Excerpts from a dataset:
# # # #

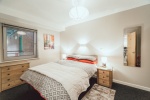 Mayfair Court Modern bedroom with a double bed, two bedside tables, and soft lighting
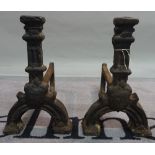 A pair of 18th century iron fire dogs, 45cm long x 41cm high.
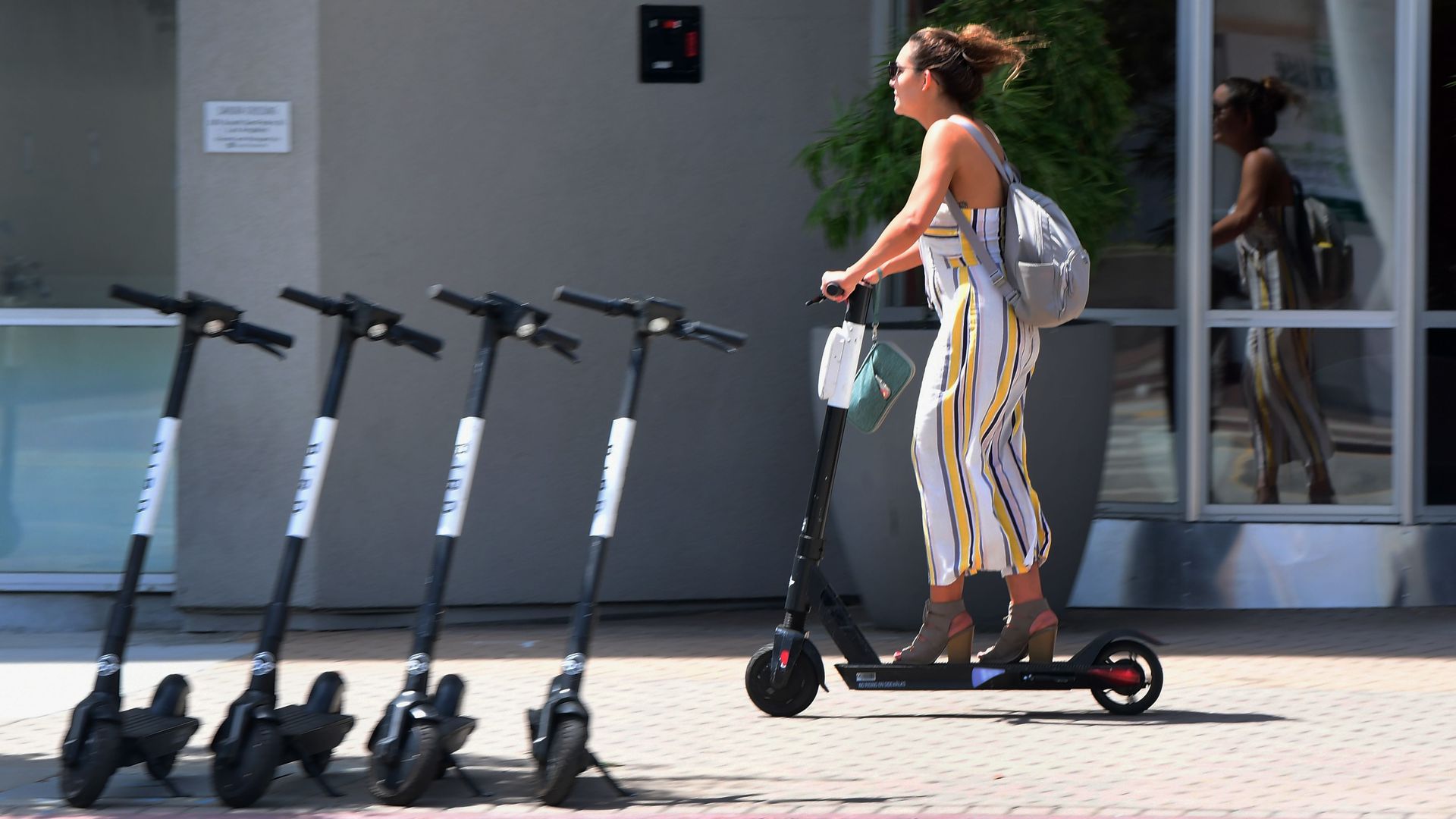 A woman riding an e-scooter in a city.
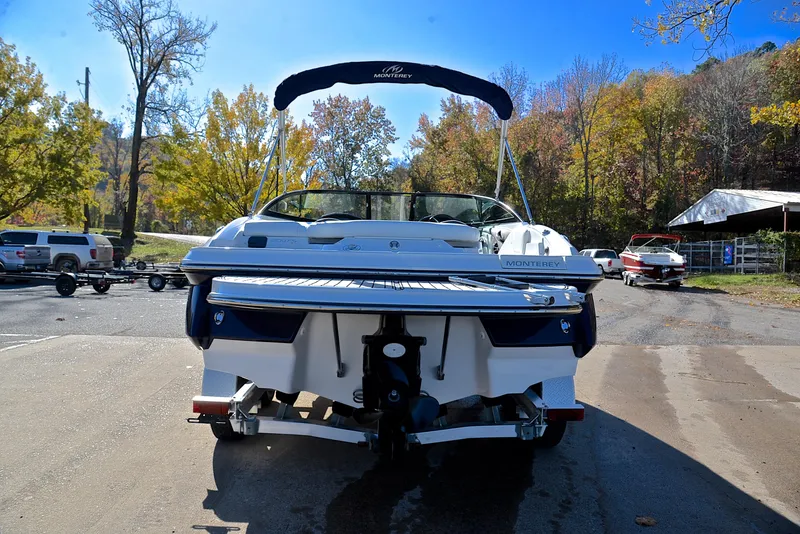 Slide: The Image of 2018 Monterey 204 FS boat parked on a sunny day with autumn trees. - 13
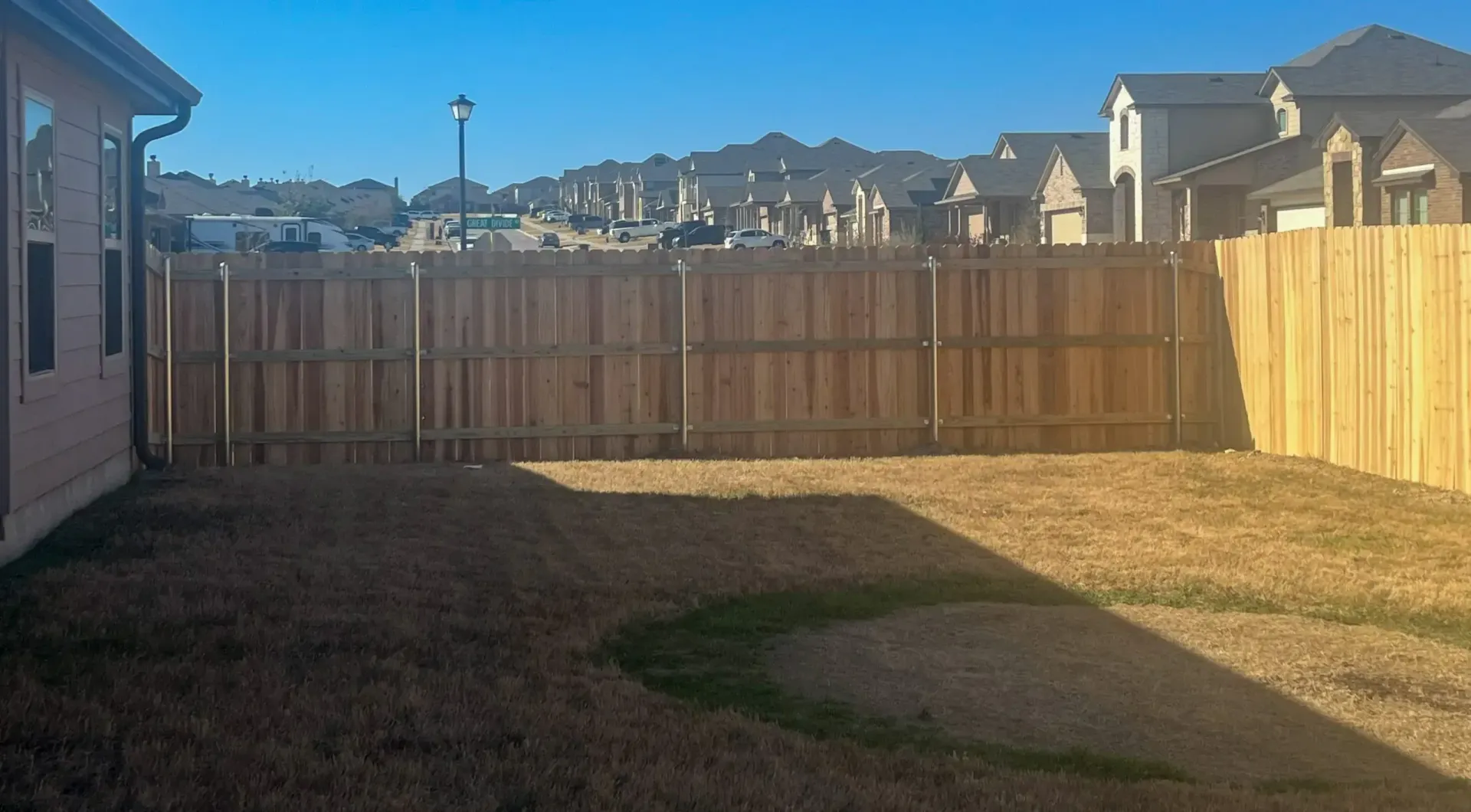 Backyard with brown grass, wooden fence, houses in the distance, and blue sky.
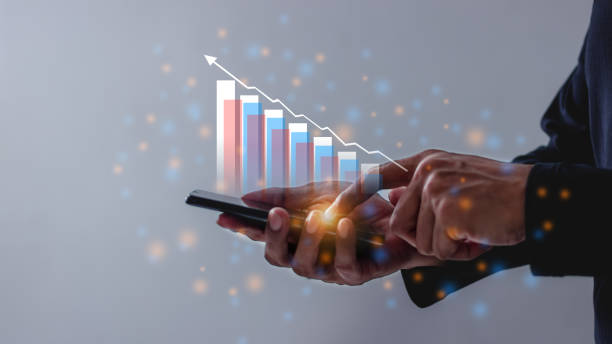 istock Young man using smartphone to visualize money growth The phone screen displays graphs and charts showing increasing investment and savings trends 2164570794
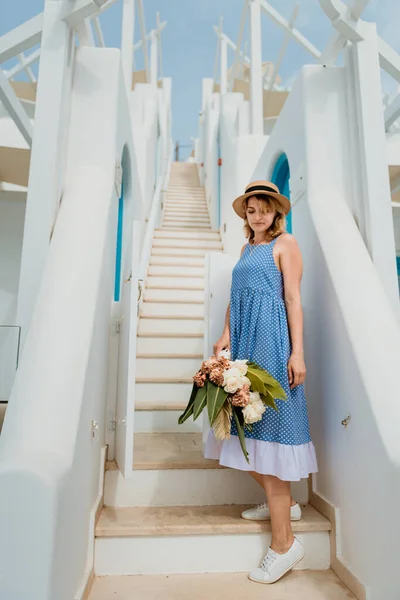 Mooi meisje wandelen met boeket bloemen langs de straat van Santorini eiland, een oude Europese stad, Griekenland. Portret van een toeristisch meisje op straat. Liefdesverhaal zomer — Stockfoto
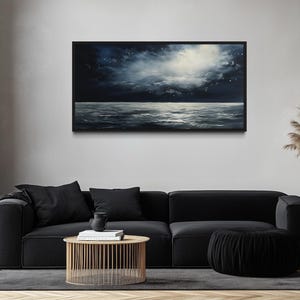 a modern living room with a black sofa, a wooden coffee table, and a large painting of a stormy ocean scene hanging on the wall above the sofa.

# # # #

▸ WHAT YOU ARE ASKED TO DO
Would you write out all of the data exactly as it stands, without the pictures?

▸ SOLUTION TO THE PROBLEM
 Mayfair Court Modern bedroom with a double bed, two bedside tables, and soft lighting
 A pair of 18th century iron fire dogs, 45cm long x 41cm high.
 A woman riding an e-scooter in a city.
 Slide: The Image of 2018 Monterey 204 FS boat parked on a sunny day with autumn trees. - 13
 Backyard with brown grass, wooden fence, houses in the distance, and blue sky.
 istock Young man using smartphone to visualize money growth The phone screen displays graphs and charts showing increasing investment and savings trends 2164570794
 Mooi meisje wandelen met boeket bloemen langs de straat van Santorini eiland, een oude Europese stad, Griekenland. Portret van een toeristisch meisje op straat. Liefdesverhaal zomer — Stockfoto
 a modern living room with a black sofa, a wooden coffee table, and a large painting of a stormy ocean scene hanging on the wall above the sofa.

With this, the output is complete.